For the second public meeting various organisational
shortcomings were discussed with local interests and addressed.
As a result it was ensured that the date didn't clash, a preferred
venue was booked, the meeting started at a later time and the
event was publicised via a door to door flyer.
The meeting was again well managed and another
building block in gaining confidence from the community. One initiative
did backfire. The meeting was to discuss our "minded to"

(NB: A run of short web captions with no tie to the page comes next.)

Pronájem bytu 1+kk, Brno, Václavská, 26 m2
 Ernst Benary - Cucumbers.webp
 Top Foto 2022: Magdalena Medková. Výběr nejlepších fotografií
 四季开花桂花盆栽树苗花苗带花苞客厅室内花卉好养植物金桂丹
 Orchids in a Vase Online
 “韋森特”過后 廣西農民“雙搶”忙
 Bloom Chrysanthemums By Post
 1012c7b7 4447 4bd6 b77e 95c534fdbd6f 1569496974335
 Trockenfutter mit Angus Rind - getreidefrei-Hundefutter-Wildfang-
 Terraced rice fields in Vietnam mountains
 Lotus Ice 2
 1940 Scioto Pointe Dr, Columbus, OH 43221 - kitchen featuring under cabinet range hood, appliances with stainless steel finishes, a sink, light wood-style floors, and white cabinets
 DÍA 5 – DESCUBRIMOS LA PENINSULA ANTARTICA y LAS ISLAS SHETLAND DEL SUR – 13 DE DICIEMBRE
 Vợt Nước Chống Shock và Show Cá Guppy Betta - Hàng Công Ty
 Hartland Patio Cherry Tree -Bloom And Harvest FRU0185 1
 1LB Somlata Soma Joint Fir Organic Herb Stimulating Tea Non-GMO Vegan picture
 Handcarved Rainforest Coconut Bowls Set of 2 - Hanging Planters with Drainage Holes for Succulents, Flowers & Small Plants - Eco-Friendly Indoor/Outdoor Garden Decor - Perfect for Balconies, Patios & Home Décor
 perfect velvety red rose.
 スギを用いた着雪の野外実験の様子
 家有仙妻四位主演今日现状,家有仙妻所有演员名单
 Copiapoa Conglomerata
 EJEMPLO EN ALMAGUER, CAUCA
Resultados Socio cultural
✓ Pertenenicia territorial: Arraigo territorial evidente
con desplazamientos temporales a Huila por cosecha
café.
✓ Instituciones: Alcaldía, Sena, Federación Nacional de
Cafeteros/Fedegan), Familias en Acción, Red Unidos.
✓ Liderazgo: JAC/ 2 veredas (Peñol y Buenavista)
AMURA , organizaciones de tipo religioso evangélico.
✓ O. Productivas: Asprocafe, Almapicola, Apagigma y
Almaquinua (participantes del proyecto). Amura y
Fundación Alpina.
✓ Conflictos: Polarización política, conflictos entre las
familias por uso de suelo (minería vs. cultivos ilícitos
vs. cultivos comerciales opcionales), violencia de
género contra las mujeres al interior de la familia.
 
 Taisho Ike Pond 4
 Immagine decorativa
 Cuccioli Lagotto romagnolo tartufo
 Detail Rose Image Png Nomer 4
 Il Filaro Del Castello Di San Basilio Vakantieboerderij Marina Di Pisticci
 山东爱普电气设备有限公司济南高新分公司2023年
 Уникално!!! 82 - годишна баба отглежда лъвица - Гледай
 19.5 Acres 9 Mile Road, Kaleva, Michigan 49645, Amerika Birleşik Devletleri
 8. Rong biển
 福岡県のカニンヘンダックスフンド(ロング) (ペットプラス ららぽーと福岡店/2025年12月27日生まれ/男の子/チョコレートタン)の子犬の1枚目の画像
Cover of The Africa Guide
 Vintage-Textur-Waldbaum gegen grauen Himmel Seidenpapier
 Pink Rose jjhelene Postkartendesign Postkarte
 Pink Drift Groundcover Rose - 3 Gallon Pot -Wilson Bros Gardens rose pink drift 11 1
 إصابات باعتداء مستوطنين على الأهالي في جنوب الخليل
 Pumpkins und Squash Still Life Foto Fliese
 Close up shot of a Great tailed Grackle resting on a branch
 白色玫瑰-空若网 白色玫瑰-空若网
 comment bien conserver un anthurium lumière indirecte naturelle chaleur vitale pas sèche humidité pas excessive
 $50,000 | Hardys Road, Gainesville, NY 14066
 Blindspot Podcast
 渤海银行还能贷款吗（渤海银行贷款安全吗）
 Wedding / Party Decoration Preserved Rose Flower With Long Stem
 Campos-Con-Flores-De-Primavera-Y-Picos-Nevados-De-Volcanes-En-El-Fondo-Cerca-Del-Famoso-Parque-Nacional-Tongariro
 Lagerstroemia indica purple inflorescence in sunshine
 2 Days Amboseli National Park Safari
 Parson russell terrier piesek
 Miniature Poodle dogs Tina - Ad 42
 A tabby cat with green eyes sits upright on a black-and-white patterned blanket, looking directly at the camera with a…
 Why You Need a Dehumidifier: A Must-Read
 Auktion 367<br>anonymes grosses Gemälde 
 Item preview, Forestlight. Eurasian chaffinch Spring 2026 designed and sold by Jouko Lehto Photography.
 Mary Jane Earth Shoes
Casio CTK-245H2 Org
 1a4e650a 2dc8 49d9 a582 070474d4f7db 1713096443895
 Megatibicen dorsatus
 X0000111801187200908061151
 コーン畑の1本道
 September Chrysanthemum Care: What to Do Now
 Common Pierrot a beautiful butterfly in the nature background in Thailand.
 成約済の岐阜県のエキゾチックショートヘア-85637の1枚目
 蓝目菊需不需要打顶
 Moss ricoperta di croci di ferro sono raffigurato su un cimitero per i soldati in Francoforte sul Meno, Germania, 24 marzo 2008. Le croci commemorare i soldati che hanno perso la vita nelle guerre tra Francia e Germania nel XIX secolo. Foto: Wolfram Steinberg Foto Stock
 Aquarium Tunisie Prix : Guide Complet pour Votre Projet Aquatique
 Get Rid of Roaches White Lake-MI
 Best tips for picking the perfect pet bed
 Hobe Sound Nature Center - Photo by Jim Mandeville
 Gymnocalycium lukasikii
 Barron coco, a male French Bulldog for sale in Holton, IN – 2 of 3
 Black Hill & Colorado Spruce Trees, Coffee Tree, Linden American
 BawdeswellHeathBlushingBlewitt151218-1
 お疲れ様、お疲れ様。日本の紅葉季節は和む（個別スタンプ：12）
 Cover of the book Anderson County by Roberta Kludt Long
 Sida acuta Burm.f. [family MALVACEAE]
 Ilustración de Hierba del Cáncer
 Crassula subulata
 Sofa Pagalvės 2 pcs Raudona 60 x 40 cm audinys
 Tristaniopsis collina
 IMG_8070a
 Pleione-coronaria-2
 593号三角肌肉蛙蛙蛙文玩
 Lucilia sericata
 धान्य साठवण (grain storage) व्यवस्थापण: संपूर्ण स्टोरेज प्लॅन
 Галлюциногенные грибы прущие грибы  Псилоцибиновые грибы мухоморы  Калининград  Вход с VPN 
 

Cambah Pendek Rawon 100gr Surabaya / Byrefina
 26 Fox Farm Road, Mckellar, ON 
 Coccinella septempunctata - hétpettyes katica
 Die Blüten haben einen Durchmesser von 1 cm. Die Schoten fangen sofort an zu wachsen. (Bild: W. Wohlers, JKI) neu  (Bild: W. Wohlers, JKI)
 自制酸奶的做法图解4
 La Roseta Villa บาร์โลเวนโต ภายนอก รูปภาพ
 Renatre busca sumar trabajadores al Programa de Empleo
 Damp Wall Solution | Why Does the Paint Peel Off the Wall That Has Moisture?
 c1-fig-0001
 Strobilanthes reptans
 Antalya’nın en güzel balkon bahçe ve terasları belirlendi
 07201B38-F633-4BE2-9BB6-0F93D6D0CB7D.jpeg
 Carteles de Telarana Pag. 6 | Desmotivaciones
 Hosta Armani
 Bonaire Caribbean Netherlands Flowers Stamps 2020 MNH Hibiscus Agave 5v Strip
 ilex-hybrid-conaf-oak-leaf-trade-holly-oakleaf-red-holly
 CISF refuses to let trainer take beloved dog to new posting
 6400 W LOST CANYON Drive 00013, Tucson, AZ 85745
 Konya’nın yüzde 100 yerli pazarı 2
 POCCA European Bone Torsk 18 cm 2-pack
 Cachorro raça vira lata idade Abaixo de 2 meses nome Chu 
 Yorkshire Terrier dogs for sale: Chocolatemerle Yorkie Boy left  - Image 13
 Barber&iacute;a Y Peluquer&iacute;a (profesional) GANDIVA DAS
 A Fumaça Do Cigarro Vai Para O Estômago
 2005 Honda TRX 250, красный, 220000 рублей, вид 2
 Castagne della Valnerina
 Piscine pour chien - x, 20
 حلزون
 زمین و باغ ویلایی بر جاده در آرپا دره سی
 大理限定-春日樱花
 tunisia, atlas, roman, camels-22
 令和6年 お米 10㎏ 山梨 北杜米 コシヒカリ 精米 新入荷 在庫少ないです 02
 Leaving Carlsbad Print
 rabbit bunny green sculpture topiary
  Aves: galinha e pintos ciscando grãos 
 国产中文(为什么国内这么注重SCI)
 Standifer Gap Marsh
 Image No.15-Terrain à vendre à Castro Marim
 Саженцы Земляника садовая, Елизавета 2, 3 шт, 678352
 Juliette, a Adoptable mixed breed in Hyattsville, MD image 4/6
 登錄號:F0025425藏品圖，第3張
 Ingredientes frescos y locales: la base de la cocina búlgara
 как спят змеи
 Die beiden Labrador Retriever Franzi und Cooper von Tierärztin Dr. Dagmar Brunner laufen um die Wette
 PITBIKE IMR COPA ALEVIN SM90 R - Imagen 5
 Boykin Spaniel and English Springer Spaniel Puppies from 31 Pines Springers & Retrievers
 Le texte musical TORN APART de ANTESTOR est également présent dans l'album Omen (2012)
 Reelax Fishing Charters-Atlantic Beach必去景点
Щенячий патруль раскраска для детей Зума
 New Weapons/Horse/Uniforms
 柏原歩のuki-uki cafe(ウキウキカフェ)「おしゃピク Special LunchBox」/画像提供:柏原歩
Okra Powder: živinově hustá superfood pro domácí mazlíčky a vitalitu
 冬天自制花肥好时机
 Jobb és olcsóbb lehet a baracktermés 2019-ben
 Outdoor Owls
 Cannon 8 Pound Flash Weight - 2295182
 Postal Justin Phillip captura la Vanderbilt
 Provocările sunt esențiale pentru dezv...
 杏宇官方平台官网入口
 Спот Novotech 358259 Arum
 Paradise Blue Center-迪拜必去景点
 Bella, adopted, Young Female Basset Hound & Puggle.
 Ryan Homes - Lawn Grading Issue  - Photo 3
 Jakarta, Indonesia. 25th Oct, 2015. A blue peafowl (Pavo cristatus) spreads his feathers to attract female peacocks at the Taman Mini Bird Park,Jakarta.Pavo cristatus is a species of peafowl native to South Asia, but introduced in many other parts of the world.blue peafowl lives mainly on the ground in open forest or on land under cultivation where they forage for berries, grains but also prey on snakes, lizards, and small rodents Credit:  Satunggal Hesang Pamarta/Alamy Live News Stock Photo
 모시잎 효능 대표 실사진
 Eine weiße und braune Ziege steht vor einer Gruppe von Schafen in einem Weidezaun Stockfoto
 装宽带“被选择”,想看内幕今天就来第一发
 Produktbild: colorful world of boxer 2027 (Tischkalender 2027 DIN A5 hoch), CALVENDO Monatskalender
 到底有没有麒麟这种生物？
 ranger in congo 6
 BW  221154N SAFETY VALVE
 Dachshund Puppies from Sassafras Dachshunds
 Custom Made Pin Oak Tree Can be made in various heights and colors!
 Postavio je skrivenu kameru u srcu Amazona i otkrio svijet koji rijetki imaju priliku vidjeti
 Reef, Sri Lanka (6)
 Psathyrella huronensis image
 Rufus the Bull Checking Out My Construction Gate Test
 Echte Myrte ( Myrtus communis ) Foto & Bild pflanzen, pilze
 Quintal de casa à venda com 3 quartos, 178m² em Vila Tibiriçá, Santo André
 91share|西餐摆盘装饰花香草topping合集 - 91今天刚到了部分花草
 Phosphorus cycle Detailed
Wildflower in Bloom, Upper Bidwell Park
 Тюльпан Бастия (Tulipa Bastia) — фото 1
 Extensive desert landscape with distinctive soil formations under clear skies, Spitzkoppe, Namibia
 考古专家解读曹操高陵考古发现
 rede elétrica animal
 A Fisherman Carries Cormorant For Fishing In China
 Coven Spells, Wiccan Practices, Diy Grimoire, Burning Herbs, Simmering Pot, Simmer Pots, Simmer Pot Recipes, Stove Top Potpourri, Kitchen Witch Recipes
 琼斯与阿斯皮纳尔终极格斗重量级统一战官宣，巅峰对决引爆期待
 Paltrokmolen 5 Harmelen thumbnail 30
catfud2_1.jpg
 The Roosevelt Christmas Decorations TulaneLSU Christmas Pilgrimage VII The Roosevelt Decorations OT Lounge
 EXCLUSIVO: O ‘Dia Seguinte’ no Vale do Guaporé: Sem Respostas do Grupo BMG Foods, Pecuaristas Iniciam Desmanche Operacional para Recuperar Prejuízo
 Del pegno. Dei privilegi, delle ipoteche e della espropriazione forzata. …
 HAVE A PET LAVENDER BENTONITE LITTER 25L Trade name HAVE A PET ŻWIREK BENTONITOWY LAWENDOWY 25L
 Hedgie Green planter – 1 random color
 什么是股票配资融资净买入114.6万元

decision and it was felt that it would aid discussion on the night
if we publicised our views in advance. However, local perception
was that the Agency "had made up its mind" and deliberately
publicised our views in advance to put people off from coming
to the meeting. Nothing could have been further from the truth
but it taught that perception is reality.
The Agency did finally give the trial the go-ahead
with several stringent conditions reflecting issues of concern
raised during the consultation. The trial started but after a
short time the company broke the licence conditions. The Agency
immediately stopped the trial. This was a further vital step in
winning local confidence in our role as the "green police".
The key lesson here was that enhanced communications and consultation
have to be backed up by strong regulatory action.
After a lengthy time the Agency finally allowed
the trial to restart. A local authority committee asked for a
further public meeting and the Agency considered this request
carefully. In the end the Agency offered (and this was gratefully
accepted) to hold a public surgery where individual members of
the public (or groups) could book slots to raise issues with officers.
A surgery was decided on at this stage because it was felt to
be more appropriate. There had already been two public meetings
and there was a danger of meeting fatigue. The surgery offered
very individual concerns to be raised in a face-to-face personal
forum. It was well used and generally approved of.
In carrying out this process we have proactively
managed the process; raised the profile of the Agency; built better
relationships with the community and key stakeholders and lifted
internal morale. The key lessons learnt were the need to build
a long-term relationship with the community; it does take resources
(but better to proactively use these than be forced to do so anyway
but reactively); once the process has started you need to stay
involved and there are positive gains all round.